The Killer (1989) de John Woo
Une fois n’est pas coutume, l’affiche annonce parfaitement la couleur en proclamant fièrement un film qui « réinvente le polar ». Découvert en cassette VHS import à l’époque, le film de John Woo constitua un choc esthétique sans précédent. Un style unique où les gunfights prennent des allures de ballets, où la violence devient belle et fascinante. Une marque de fabrique que John Woo réutilisera toute sa carrière mais jamais avec autant de bonheur qu’ici (exception faite de A toute épreuve). Sans doute parce que The Killer a ce petit plus de romantisme grâce à sa figure de tueur à gages (Chow Yun-Fat dans le rôle d’une vie) obligé de rempiler pour venir en aide à une jeune femme ayant perdu la vue par sa faute.
Impitoyable (1992) de Clint Eastwood
Western crépusculaire, œuvre plus que majeure d’un des plus grands cinéastes encore en activité, Impitoyable est ici incontournable. En tueur rangé des affaires pour l’amour d’une femme (depuis décédée), élevant tranquillement ses enfants, Clint Eastwood fait figure de fantôme usé stigmatisant toute l’âpreté d’un monde qui ne laisse pas de place aux plus faibles. Réflexion troublante sur la violence, ne glorifiant pas ses personnages au point de ne jamais prendre partie sur la rédemption de son anti-héros, le film de Clint Eastwood ressemble à un best of de toutes les influences westerniennes passées. Et c’est aussi accessoirement l’un des films les mieux photographiés du monde.

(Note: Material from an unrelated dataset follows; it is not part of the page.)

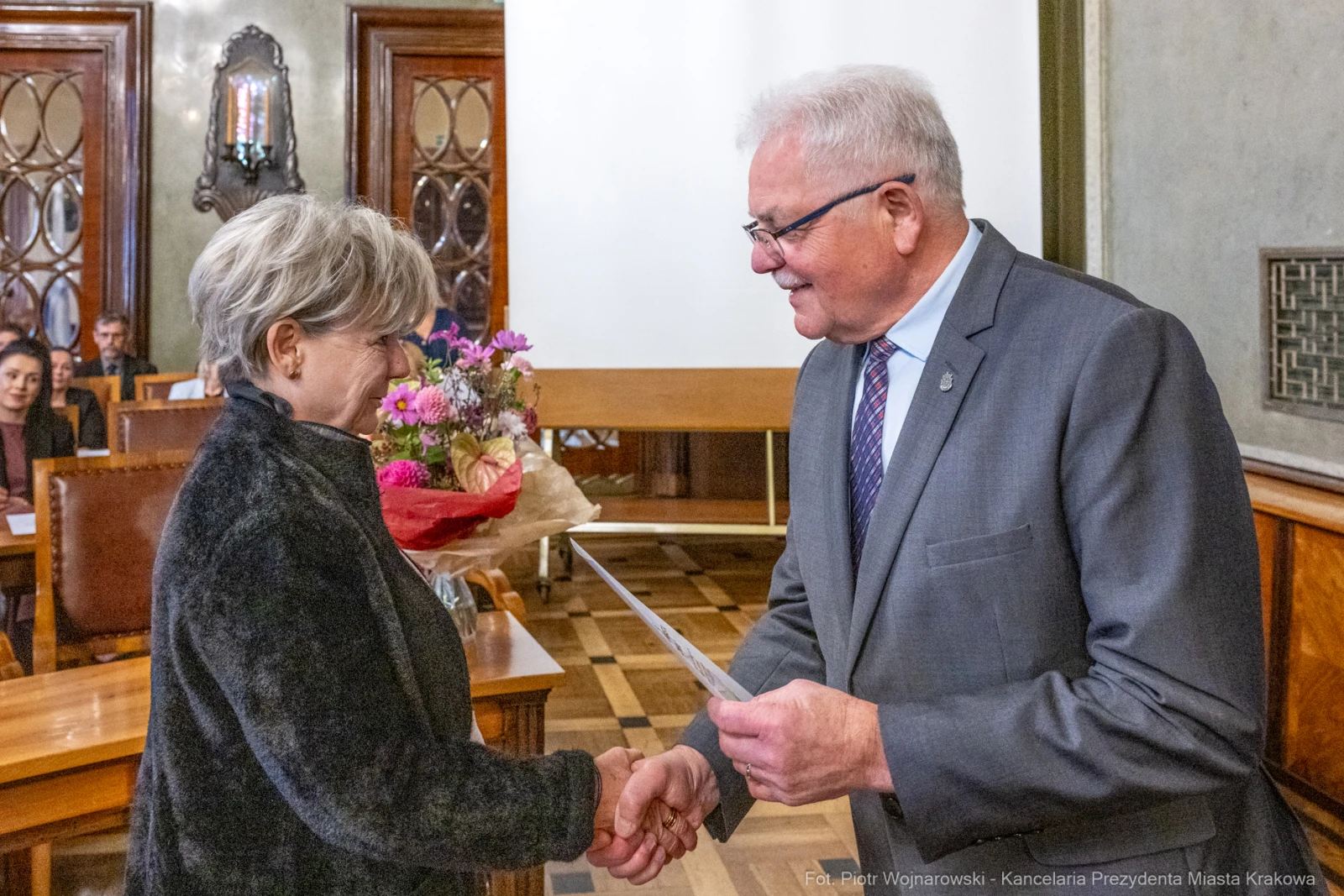 Wręczenie nagrody z bukietem kwiatów i gratulacjami.  Autor: Piotr Wojnarowski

L’Impasse (1993) de Brian De Palma
Pour venir à bout de Clint, il fallait un sacré monstre à la barre. Brian De Palma est de cet acabit. Immense pourvoyeur de chefs d’œuvre (Phantom of the paradise, Carrie, Scarface, Blow out, Les Incorruptibles pour ne citer qu’eux), le cinéaste signe avec L’Impasse son dernier immense film à date. Armé d’une confiance en soi absolue, De Palma nous assène la fin tragique de son héros en ouverture pour mieux nous défier. Par la seule force de sa mise en scène, il va nous faire croire à l’impossible : la rédemption de Carlito formidablement campé par un Al Pacino au sommet de son art (c’est son plus beau rôle !). Ceux qui ont déjà vu L’Impasse, ont TOUS eu à un moment le sentiment que Carlito allait réussir à prendre ce satané train pour partir avec sa belle. Mais, non, Benny Blanco est toujours sur le quai. Et De Palma de jubiler à nous avoir faire croire à la plus bouleversante histoire de non happy end de l’Histoire du cinéma.